Recorded data

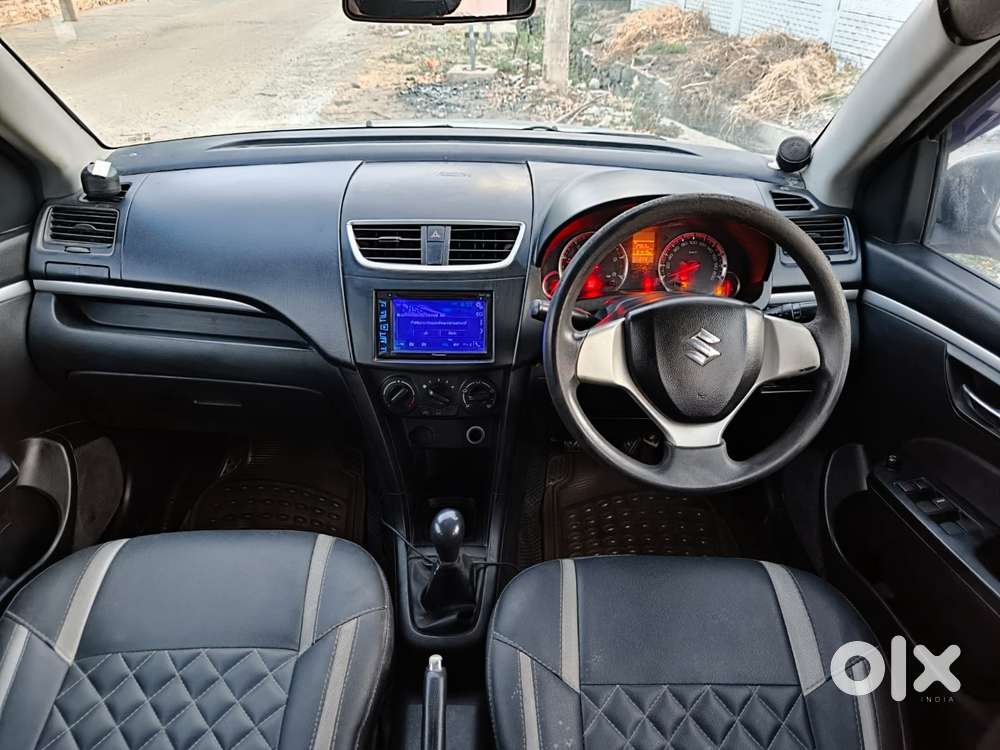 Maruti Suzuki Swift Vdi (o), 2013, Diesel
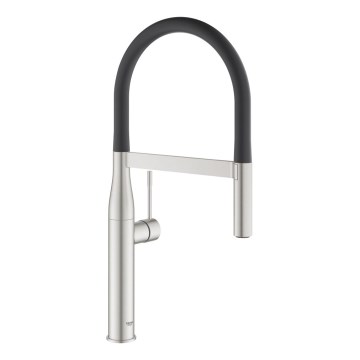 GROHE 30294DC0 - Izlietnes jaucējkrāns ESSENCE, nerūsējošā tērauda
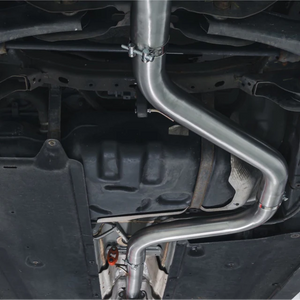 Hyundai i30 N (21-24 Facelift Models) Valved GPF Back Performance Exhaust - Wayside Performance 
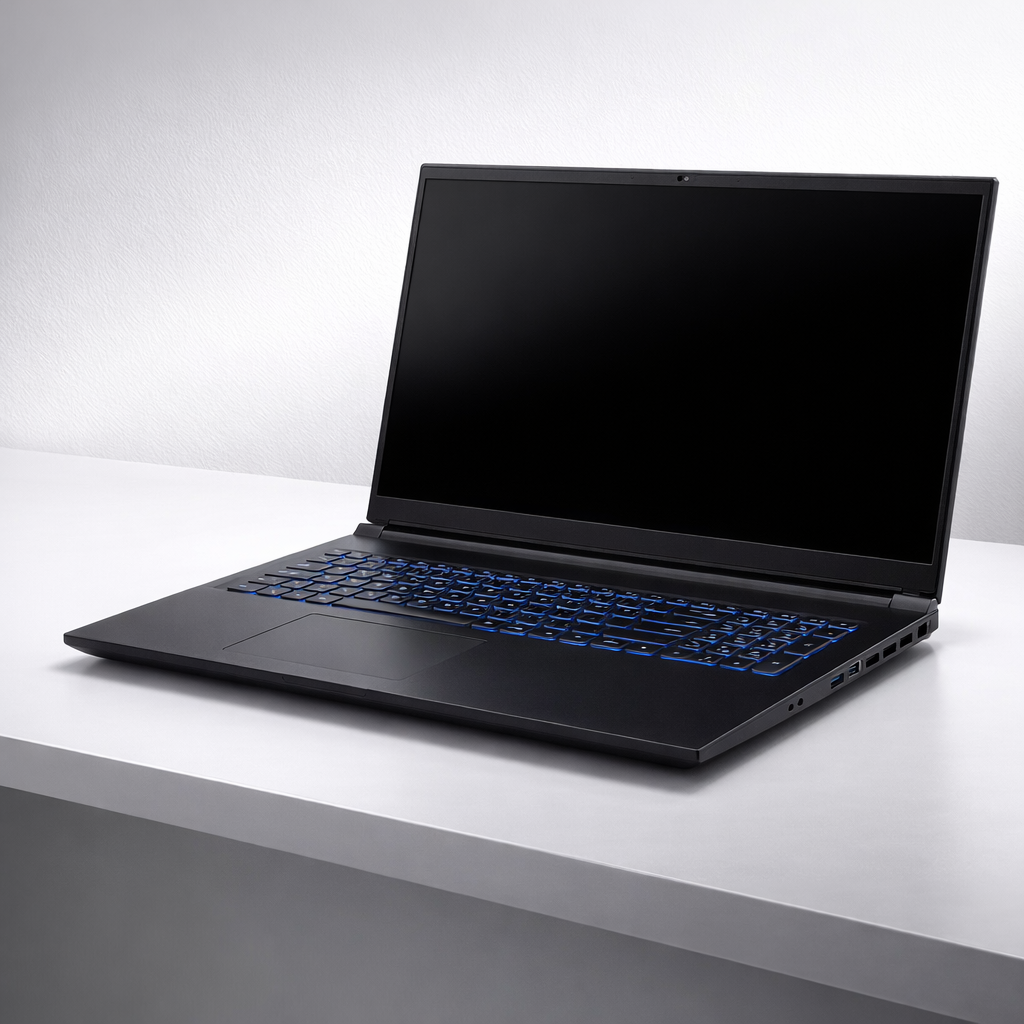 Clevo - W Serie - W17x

Exercise directions
Output the listing above in full and exactly, with pictures excluded.

Output
 Maruti Suzuki Swift Vdi (o), 2013, Diesel
 GROHE 30294DC0 - Izlietnes jaucējkrāns ESSENCE, nerūsējošā tērauda
 Hyundai i30 N (21-24 Facelift Models) Valved GPF Back Performance Exhaust - Wayside Performance 
 Clevo - W Serie - W17x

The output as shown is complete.